I believe I’ve found a bug in Python’s threading but I’m still a bit novice to programming in general so I don’t want to post it to the Github bug reports without confirming here first. The bug does not reproduce on macOS or Linux using Python 11.2, but does reproduce reliably on Windows 11 and Windows Server 2016.

I have two files coded as below:
threading_mem_leak.py

import threading
import socket
import gc

def main():
    ServerSideSocket = socket.socket()
    host = ''
    port = 8083
    try:
        ServerSideSocket.bind((host, port))
    except socket.error as e:
        print(str(e))
    
    #print('Socket is listening')
    ServerSideSocket.listen(5)

    while True:
        Client, address = ServerSideSocket.accept()
        thread_unique_name = address[0] + ":" + str(address[1])
        thread = threading.Thread(group=None,target=multi_threaded_client, 
                                  name=thread_unique_name,
                                  args=(Client,), kwargs={}, daemon=None)
        #print("Connected to: " + address[0] + " : " + str(address[1]))
        thread.start()
        print("The thread for connection " + thread.getName() + " has started")
        #print(threading.enumerate())
        thread.join()
        gc.collect()


def multi_threaded_client(connection):
    data = connection.recv(2048)
    data = data.decode('utf-8')
    if not data:
        connection.close()
        del data
        del connection
        gc.collect()
        return
    connection.close()

    msglist = data.split('|')

    var1 = msglist[0][2:]
    var2 = var1[:-3]
    var3 = msglist[1]

    # code that does stuff here #

    del connection
    del msglist
    del data
    del var1
    del var2
    del var3

    gc.collect()
    return

if __name__ == "__main__":
    main()

client.py

import socket

while True:
    ClientSideSocket = socket.socket()
    try:
        s = socket.socket()
    except socket.error as err:
        print("Socket Error")
    bytes2send = str.encode("var1|var2|var3")
    try:
        s.connect(('127.0.0.1', 8083))
    except socket.error as err:
        print("couldn't connect")
    try:
        s.sendall(bytes2send)
    except:
        print("couldn't send data")
    s.close()

If you start it, you will watch the memory use grow uncontrollably on Windows. Overnight and with multiple clients it grew to over 1 GB. If you run both scripts in CMD on your local workstation, you can watch the memory usage grow in as little as an hour. This is a long running server side script that accepts data from clients based on events that trigger the data.

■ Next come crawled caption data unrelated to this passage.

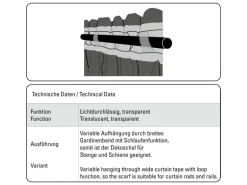 Bennetti Schal mit Gardinenband Dolly-Voile Rankenstickerei Natur 140 x 245 cm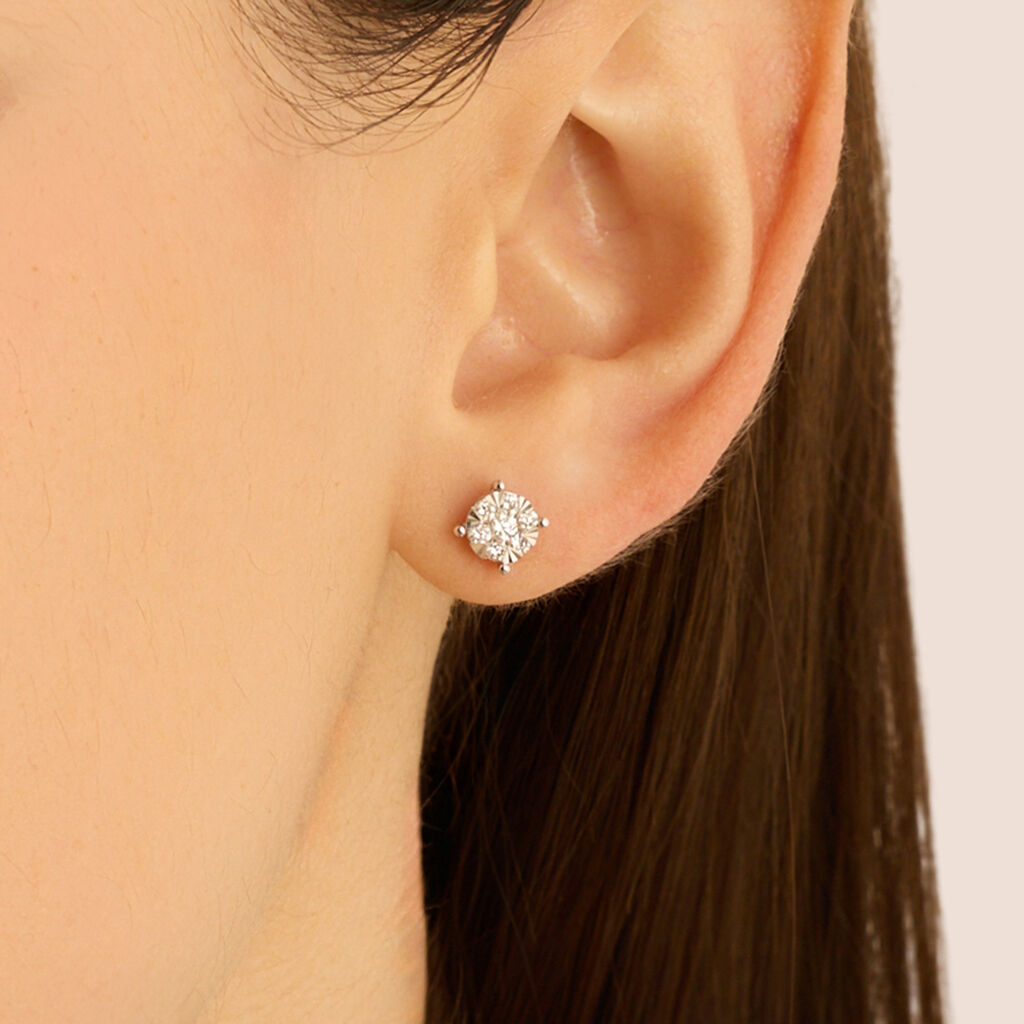 Orecchini Lobo Punto Luce Petali Oro Bianco Diamante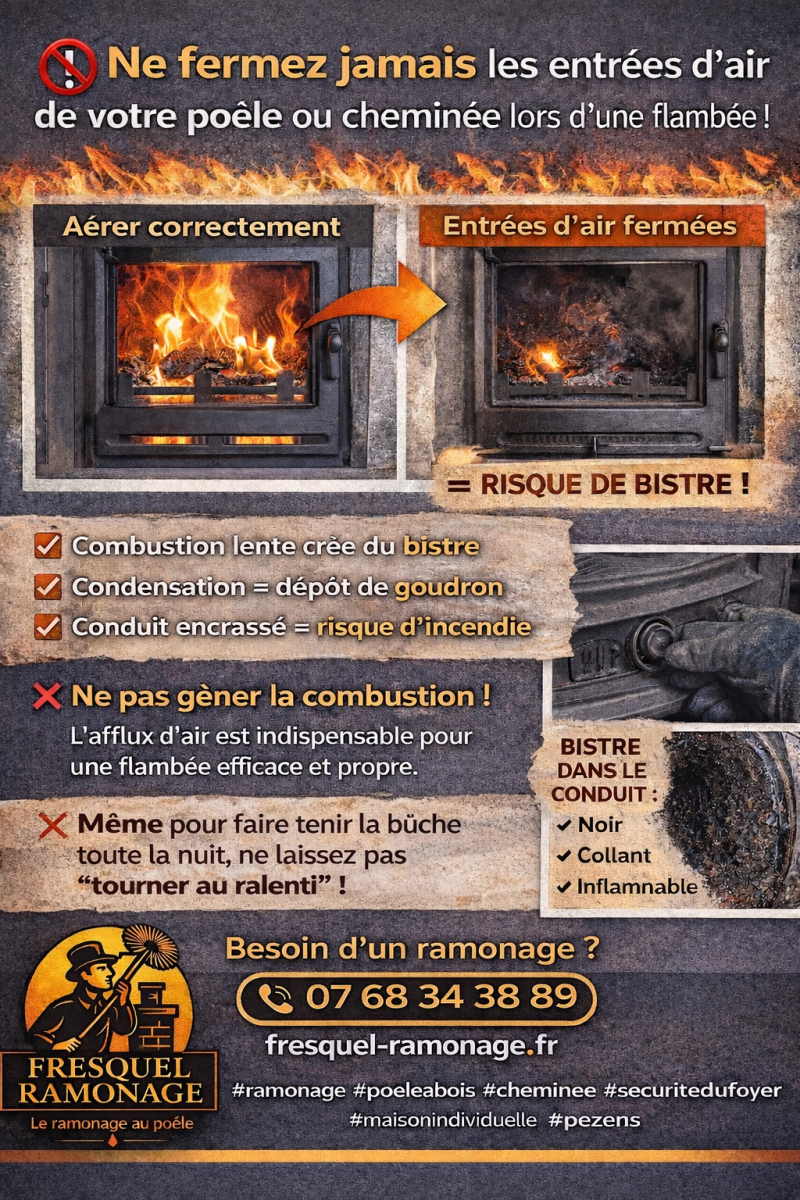 image de poêle expliquant les arrivée d'air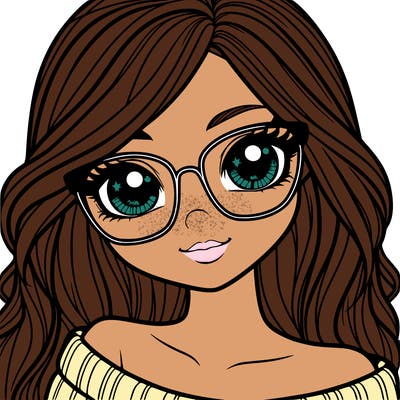 girl with beautiful eyes, hair, and glasses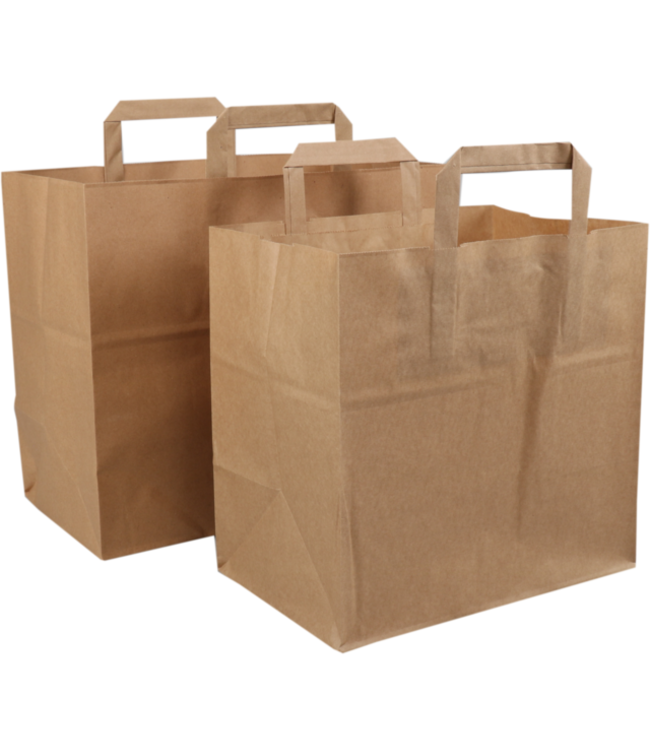 Tas papier 32/16x27 cm (b/dxh) 70gr/m² snacktas bruin platte greep | prijs & verp per 250 stuks
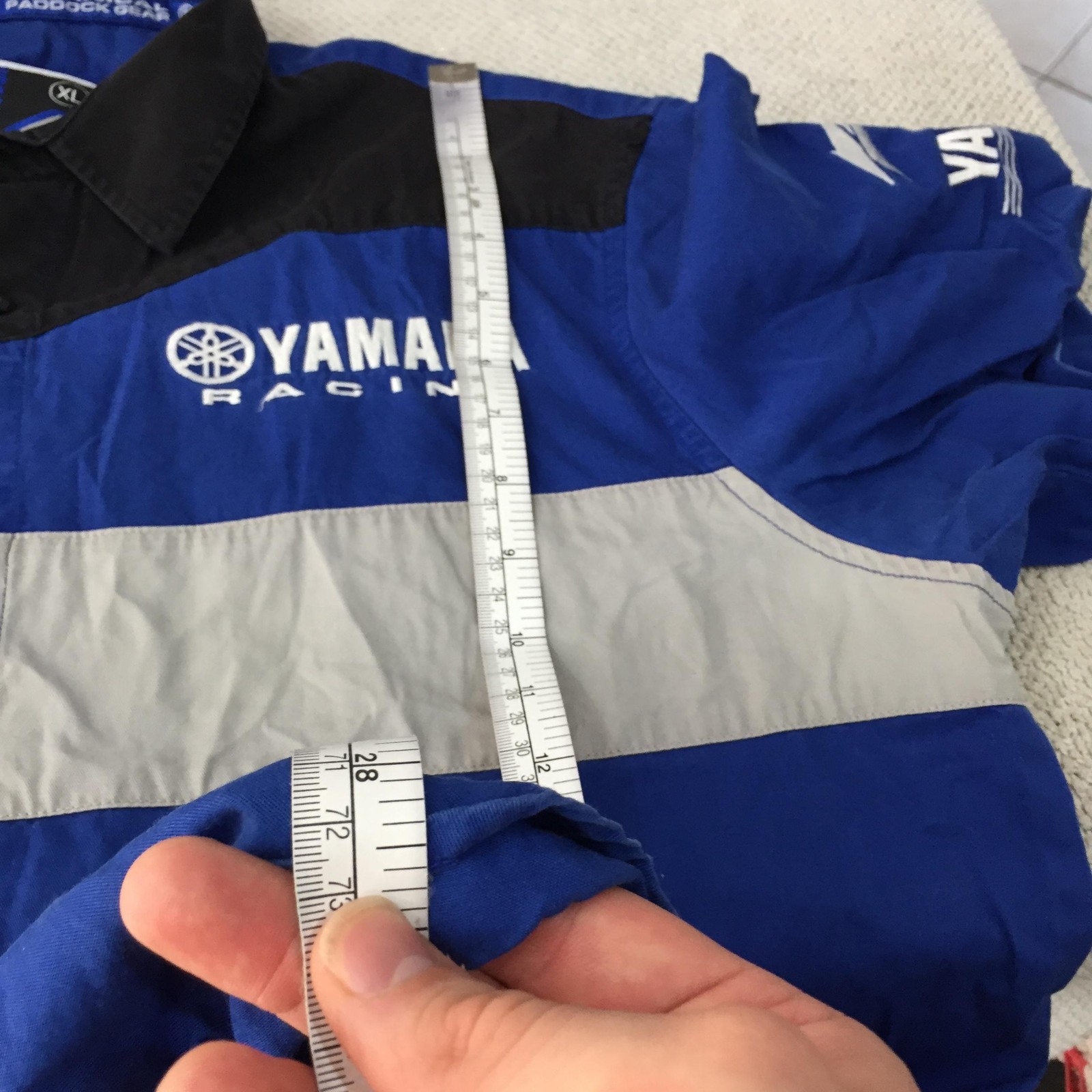 Yamaha Racing Shirt Mens XL Blue Colourblock Button Up Short Sleeve 129324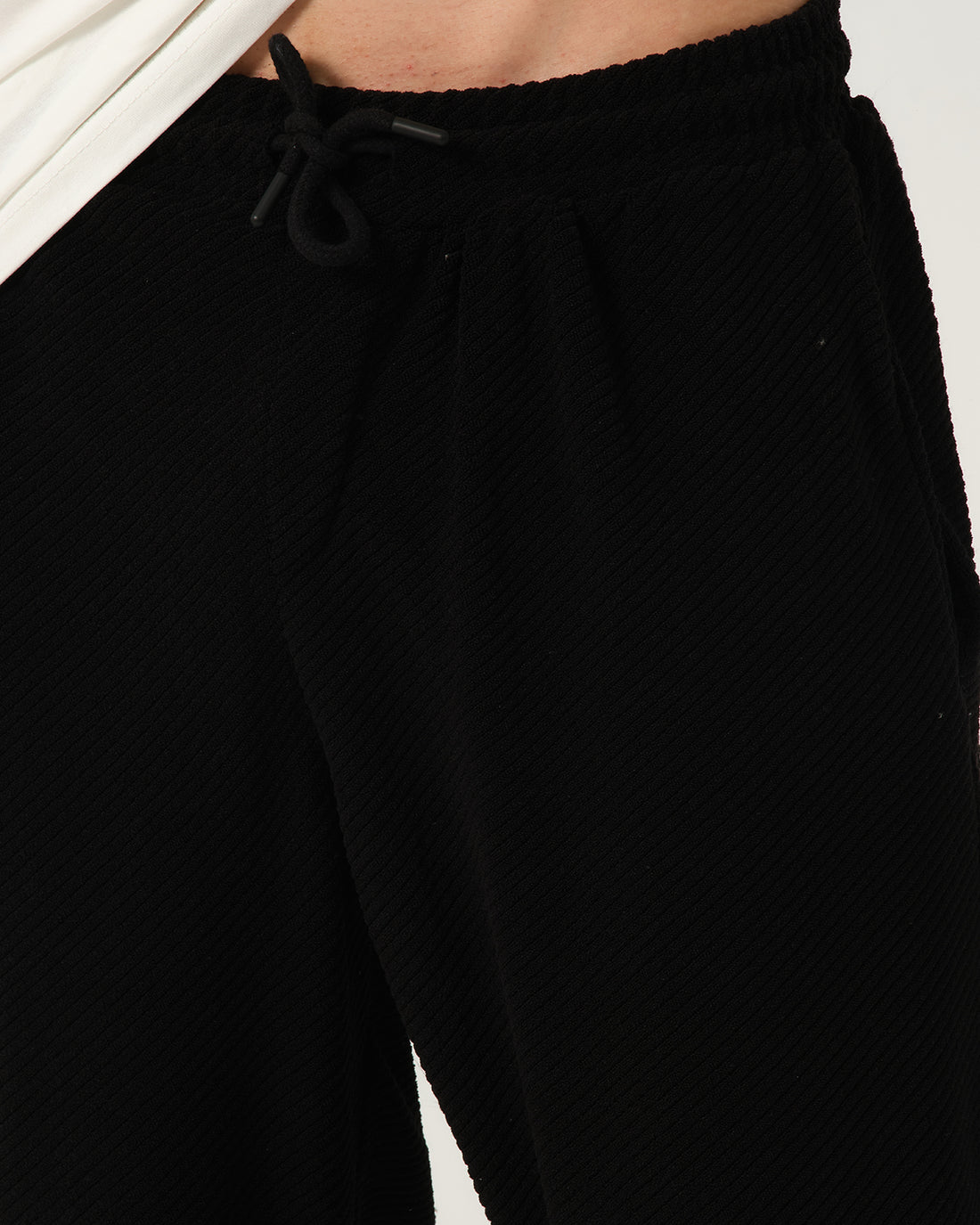 Basic Havlu Kumaş Pantolon - Siyah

I tried replicating the memory growth running the same scripts on macOS Ventura 13.2 and Fedora Linux 37. On these systems, the threads seem to be garbage collected appropriately. On Windows, they do not.

I’ve refactored the code numerous times, adding the dels and the manual garbage collection. I tried setting the generational garbage collection thresholds, and using both the _thread module instead of threading and the memory leak issue seems to be present in all versions.

Is this a bug or am I terrible at programming and threads? If I’m terrible at programming threads, what can I do better?

Maybe your code is stuck in the recv?
Try adding print statements to show where the code is going.
The decode() results is not stored anywhere.

Cannot see why you do this. What are you expecting this to do?

My guess is that it’s to convert the bytestring into a text string, which normally should be done by decoding, but data.decode() isn’t being assigned back to data.

This is probably irrelevant to the memory leak, but here’s how I would do it:

def multi_threaded_client(connection):
    data = connection.recv(2048)
    if not data:
        connection.close()
        del data
        del connection
        gc.collect()
        return
    connection.close()
    data = data.decode("utf-8")

    msglist = data.split('|')

    var1 = msglist[0][2:]
    var2 = var1[:-3]
    var3 = msglist[1]

Though in a production system, I would probably end up with a buffered-read system, guaranteeing that we receive an entire message (even if it doesn’t fit in one packet). That would look something like this:

    buf = b""
    while b"\n" not in buf:
        data = connection.recv(2048)
        if not data:
            connection.close() # might not even be necessary, it's already closed
            return
        buf += data
    data, _, buf = buf.partition(b"\n")
    data = data.decode("utf-8")

Or variants on that idea.

1 Like

Check with task manager if your server is leaking threads.
If leaking threads debug why your threads do not terminate.

I understand that when I refactored my code to sanitize it of unnecessary information I forgot to change one of my variables.

Focusing on that and not addressing the main concern isn’t helpful at all.

Unfortunately, when you ask for help, all we can look at is the code you posted. We can’t magically figure out anything about your intentions. That’s why it’s VERY important to get this sort of sanitization correct - which means, first you refactor and sanitize, then you test again to make sure the problem still happens, and only once that’s confirmed, post the actual code that you tested to ask for help.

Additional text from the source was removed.